* ABOUT THIS TASK:
Return exactly the lines below, starting with the one that has "3Pcs Padded Makeup" and going on through the one that has "заплатит за отказ".

Records from a data source
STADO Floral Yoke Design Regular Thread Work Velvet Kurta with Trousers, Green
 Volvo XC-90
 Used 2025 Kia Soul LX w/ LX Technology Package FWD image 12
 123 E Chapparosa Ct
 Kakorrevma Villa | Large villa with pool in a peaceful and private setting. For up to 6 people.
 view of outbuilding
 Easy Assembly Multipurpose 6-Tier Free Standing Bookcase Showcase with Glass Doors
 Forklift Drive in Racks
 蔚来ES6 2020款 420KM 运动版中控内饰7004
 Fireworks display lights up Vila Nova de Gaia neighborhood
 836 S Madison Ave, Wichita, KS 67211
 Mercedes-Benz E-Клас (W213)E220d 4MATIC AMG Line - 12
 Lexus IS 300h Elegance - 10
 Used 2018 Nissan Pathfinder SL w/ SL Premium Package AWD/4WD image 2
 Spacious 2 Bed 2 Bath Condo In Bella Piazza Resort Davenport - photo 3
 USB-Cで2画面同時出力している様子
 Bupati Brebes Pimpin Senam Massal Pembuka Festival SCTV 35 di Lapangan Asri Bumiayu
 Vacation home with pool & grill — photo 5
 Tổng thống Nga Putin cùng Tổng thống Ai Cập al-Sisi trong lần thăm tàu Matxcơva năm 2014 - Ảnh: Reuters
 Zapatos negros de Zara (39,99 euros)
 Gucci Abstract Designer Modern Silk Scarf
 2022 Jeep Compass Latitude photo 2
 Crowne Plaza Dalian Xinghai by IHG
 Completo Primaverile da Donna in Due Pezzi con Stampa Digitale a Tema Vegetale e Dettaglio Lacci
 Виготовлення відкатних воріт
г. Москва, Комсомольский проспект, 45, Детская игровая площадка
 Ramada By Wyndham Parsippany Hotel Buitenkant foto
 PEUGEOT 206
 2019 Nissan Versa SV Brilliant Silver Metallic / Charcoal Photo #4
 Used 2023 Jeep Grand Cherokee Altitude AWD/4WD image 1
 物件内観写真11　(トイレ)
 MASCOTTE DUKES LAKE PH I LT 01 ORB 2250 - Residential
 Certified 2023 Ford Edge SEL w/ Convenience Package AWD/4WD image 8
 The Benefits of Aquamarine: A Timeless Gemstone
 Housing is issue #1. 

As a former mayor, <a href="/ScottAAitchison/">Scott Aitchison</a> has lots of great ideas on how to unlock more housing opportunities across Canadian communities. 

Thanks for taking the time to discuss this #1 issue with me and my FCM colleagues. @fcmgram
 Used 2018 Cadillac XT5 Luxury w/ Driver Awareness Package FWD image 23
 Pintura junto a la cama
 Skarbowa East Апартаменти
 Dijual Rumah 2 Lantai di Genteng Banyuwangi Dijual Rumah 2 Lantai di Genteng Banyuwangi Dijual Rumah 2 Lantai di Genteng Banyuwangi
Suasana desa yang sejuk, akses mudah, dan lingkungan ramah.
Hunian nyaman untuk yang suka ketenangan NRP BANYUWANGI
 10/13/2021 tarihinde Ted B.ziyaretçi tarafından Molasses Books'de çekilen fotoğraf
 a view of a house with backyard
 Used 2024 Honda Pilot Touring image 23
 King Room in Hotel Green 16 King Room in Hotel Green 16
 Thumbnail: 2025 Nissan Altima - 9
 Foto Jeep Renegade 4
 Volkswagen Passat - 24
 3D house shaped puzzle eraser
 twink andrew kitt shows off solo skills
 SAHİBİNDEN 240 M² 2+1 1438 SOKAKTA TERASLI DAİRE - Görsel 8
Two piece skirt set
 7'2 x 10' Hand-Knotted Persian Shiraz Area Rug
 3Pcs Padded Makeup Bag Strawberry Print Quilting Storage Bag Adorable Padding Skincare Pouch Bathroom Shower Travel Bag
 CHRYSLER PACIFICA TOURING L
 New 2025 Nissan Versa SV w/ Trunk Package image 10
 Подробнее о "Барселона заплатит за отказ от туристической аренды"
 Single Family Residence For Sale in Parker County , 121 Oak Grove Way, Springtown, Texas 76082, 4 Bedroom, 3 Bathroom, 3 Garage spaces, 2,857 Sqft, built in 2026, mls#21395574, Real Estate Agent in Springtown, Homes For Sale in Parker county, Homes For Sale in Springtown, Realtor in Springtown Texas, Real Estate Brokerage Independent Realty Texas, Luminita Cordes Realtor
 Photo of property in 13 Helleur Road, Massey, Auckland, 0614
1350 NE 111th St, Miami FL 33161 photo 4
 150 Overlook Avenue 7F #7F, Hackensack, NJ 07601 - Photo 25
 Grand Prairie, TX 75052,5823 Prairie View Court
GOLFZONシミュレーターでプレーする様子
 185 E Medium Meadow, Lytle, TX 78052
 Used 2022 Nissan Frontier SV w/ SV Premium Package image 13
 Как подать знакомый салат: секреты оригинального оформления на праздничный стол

* OUTPUT OF THE TASK:
 3Pcs Padded Makeup Bag Strawberry Print Quilting Storage Bag Adorable Padding Skincare Pouch Bathroom Shower Travel Bag
 CHRYSLER PACIFICA TOURING L
 New 2025 Nissan Versa SV w/ Trunk Package image 10
 Подробнее о "Барселона заплатит за отказ от туристической аренды"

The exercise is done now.